- **TO DO**
Restate all the lines below word for word, but omit the pictures.

┄┄┄┄┄┄┄┄┄┄

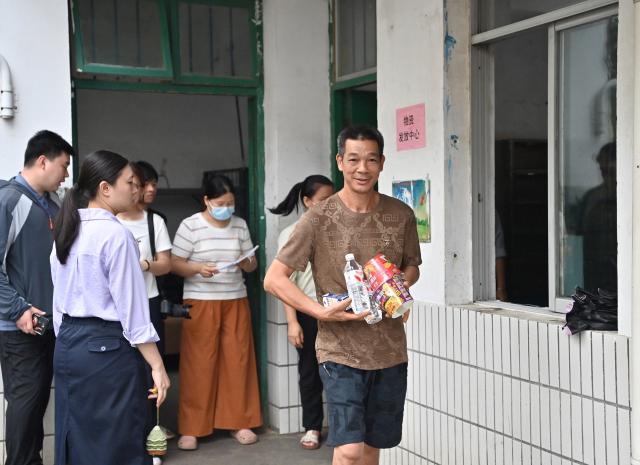 (260709) -- GUIGANG, July 9, 2026 (Xinhua) -- Flood-affected residents receive relief supplies at a temporary relocation site in Guigang City, south China's Guangxi Zhuang Autonomous Region, July 8, 2026.
  Guigang has set up 18 temporary relocation sites to shelter flood-affected residents. (Xinhua/Zhou Hua)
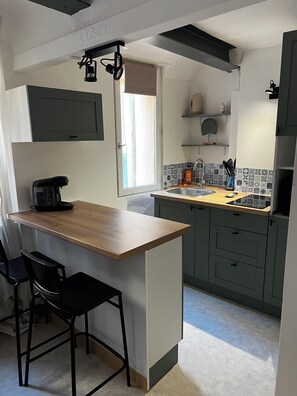 Imagen sin descripción, 5 de 15, botón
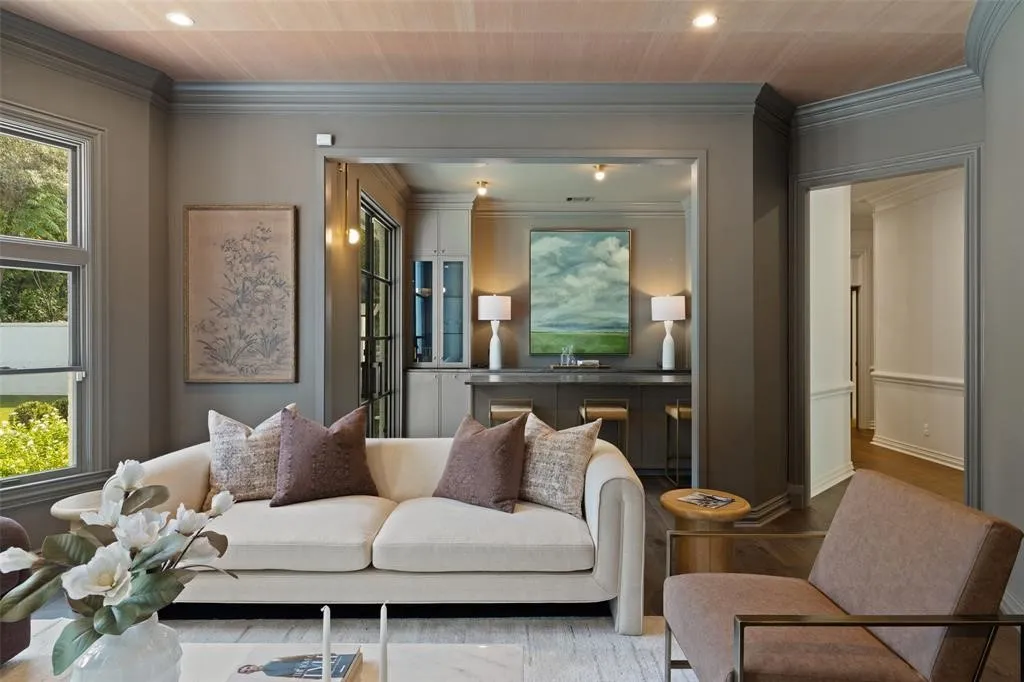 Built-in wet bar with integrated cabinetry and track lighting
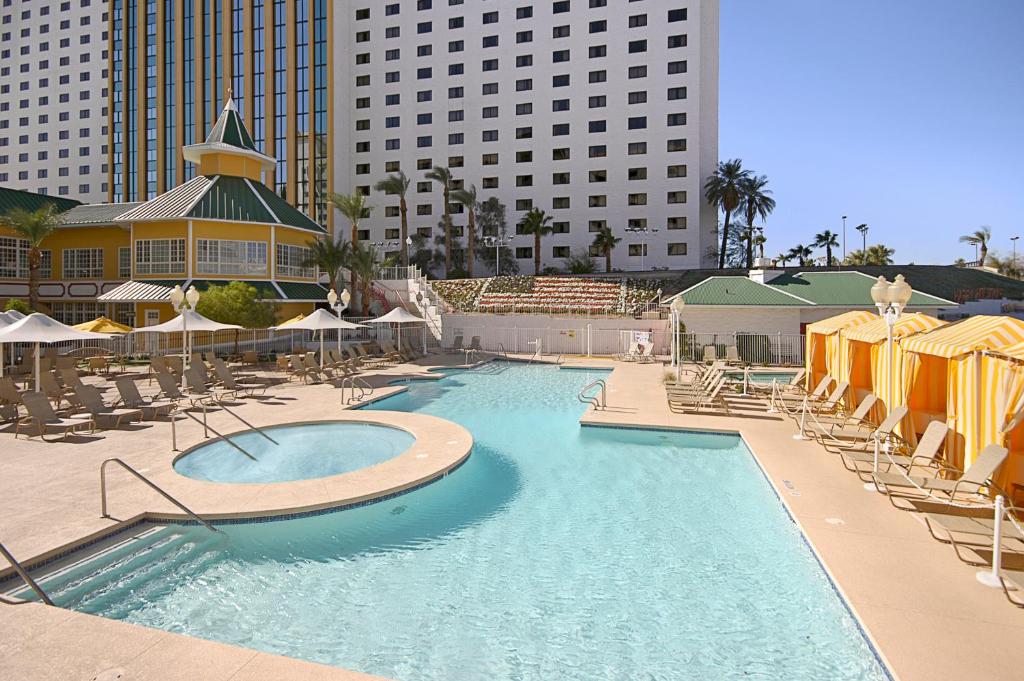 a large swimming pool with chairs and umbrellas at Tropicana Laughlin in Laughlin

┄┄┄┄┄┄┄┄┄┄

- **EXPECTED OUTPUT**
 (260709) -- GUIGANG, July 9, 2026 (Xinhua) -- Flood-affected residents receive relief supplies at a temporary relocation site in Guigang City, south China's Guangxi Zhuang Autonomous Region, July 8, 2026.
  Guigang has set up 18 temporary relocation sites to shelter flood-affected residents. (Xinhua/Zhou Hua)
 Imagen sin descripción, 5 de 15, botón
 Built-in wet bar with integrated cabinetry and track lighting
 a large swimming pool with chairs and umbrellas at Tropicana Laughlin in Laughlin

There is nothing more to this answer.